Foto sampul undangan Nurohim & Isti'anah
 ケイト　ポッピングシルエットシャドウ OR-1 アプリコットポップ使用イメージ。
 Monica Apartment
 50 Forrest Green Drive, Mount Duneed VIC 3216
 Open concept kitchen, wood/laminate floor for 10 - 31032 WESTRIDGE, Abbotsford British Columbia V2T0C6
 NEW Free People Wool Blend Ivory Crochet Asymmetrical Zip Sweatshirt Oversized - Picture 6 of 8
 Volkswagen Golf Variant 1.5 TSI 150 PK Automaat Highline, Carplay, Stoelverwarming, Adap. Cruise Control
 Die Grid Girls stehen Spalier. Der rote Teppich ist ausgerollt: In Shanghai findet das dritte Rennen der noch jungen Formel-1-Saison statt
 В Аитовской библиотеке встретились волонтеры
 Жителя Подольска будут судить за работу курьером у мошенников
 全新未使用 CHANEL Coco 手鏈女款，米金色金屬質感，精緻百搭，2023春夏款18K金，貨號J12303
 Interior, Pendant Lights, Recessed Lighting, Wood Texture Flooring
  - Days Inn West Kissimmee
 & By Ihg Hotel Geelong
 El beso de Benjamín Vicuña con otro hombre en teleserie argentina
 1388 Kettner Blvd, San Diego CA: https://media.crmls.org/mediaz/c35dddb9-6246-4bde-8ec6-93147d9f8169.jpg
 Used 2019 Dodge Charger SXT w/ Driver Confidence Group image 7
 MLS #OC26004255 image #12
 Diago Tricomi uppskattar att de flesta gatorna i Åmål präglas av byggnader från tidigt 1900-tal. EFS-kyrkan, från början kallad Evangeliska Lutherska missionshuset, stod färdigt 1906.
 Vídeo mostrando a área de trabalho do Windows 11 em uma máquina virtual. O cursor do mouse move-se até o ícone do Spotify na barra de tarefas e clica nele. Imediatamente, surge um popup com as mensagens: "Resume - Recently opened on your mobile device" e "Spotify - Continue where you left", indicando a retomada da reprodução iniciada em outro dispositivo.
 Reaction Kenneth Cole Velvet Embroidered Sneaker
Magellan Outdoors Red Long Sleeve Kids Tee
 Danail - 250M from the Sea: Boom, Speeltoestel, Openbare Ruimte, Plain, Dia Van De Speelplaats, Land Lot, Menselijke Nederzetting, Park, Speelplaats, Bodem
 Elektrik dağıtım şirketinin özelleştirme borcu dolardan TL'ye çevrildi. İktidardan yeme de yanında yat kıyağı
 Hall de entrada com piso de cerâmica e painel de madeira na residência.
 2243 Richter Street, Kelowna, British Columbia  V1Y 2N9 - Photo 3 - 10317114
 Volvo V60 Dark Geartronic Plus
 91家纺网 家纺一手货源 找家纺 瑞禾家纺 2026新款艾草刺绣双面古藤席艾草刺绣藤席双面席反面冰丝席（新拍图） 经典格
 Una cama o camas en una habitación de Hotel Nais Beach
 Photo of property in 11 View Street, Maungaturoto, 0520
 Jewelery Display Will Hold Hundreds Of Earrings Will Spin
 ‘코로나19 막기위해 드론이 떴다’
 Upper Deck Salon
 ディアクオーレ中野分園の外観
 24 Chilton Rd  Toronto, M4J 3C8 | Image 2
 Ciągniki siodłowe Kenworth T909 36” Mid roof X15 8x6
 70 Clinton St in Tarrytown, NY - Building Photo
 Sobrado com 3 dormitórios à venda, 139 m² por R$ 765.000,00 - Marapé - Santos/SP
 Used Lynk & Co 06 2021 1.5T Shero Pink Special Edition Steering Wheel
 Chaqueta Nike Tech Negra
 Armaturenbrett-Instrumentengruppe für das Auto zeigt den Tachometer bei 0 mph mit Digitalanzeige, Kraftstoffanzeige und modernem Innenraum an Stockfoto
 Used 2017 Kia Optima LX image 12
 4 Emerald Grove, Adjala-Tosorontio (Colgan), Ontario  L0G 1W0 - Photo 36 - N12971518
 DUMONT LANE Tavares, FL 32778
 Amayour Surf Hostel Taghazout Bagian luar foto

================

Write out the listing's lines exactly, from its first line through the line that contains "1388 Kettner Blvd, San", and stop there.

Foto sampul undangan Nurohim & Isti'anah
 ケイト　ポッピングシルエットシャドウ OR-1 アプリコットポップ使用イメージ。
 Monica Apartment
 50 Forrest Green Drive, Mount Duneed VIC 3216
 Open concept kitchen, wood/laminate floor for 10 - 31032 WESTRIDGE, Abbotsford British Columbia V2T0C6
 NEW Free People Wool Blend Ivory Crochet Asymmetrical Zip Sweatshirt Oversized - Picture 6 of 8
 Volkswagen Golf Variant 1.5 TSI 150 PK Automaat Highline, Carplay, Stoelverwarming, Adap. Cruise Control
 Die Grid Girls stehen Spalier. Der rote Teppich ist ausgerollt: In Shanghai findet das dritte Rennen der noch jungen Formel-1-Saison statt
 В Аитовской библиотеке встретились волонтеры
 Жителя Подольска будут судить за работу курьером у мошенников
 全新未使用 CHANEL Coco 手鏈女款，米金色金屬質感，精緻百搭，2023春夏款18K金，貨號J12303
 Interior, Pendant Lights, Recessed Lighting, Wood Texture Flooring
  - Days Inn West Kissimmee
 & By Ihg Hotel Geelong
 El beso de Benjamín Vicuña con otro hombre en teleserie argentina
 1388 Kettner Blvd, San Diego CA: https://media.crmls.org/mediaz/c35dddb9-6246-4bde-8ec6-93147d9f8169.jpg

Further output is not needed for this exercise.